Diversification. Toutefois, ASN Calais ne fait pas que des câbles. L’entreprise a diversifié son offre, depuis la revalorisation d’anciens câbles téléphoniques sous-marins jusqu’au développement de capteurs sismiques pour l’extraction de pétrole – usage dédié aux productions pétrolières et gazières en mer. ASN propose bien plus que de la fabrication et de la pose de câbles.
La revalorisation est simple : les câbles usagés sont fendus dans la longueur pour récupérer le polyéthylène, puis les câbles de cuivre et d’acier restants sont désintégrés à l’aide d’un couteau et séparés par magnétisme.

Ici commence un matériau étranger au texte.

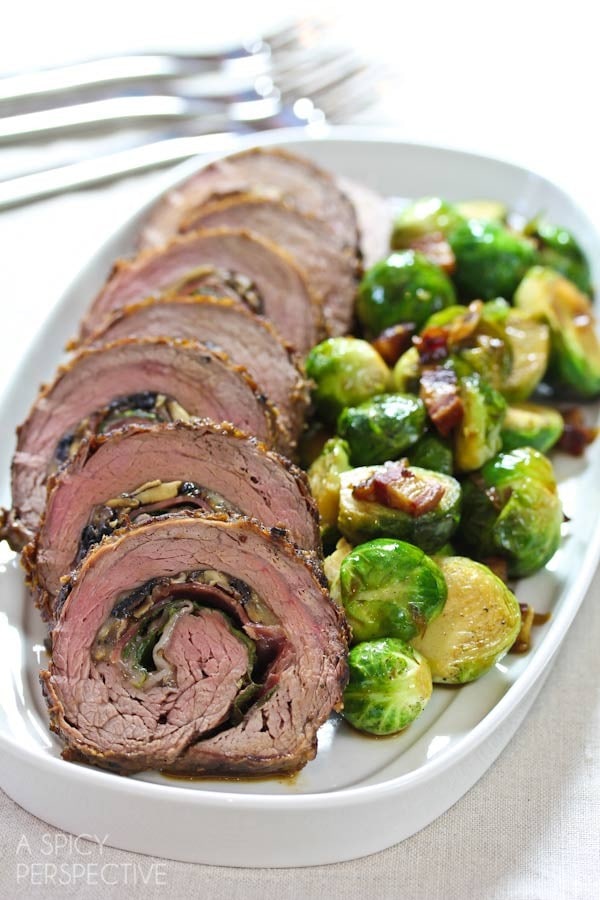 Stuffed flank steak wheels served on a platter with Brussel sprouts.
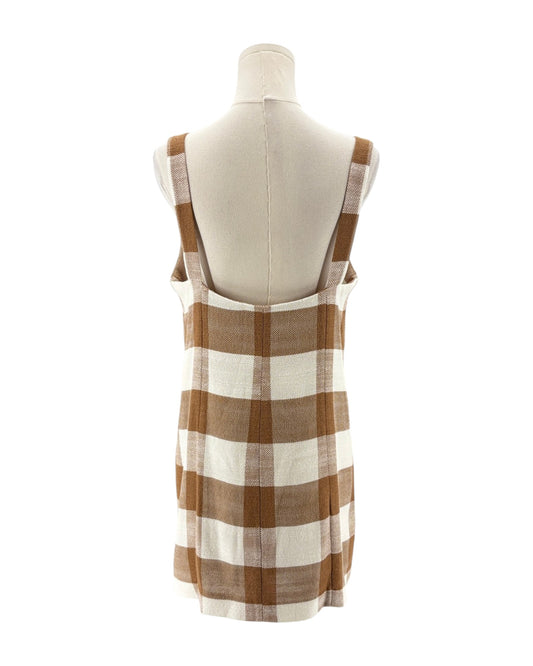 Brown and white checkered dress on a mannequin against a white background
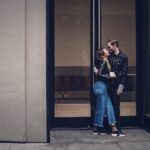 photo of man and woman kissing beside glass doors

Ainsi, chaque partie des câbles usagés peut être revalorisée. Cet atelier de revalorisation a été primé en 2014.
D’autre part, le système de capteurs mis en place sur les poches de pétrole ou d’essence permet d’exploiter davantage ces réserves naturelles. De 35% d’une poche de pétrole, on peut avec ce système en extraire 50%. Le principe : le champ de capteurs posé sur la poche pétrolière émet un signal, récupère une réponse qui permet de quantifier le pétrole contenu. Le procédé permet aussi de détecter d’éventuelles failles sismiques dans les poches pétrolières, qui peuvent avoir des effets désastreux. Enfin, ASN possède quatre bateaux dédiés à la maintenance des 575 000 km de fibre optique d’ores et déjà posés au fond des océans.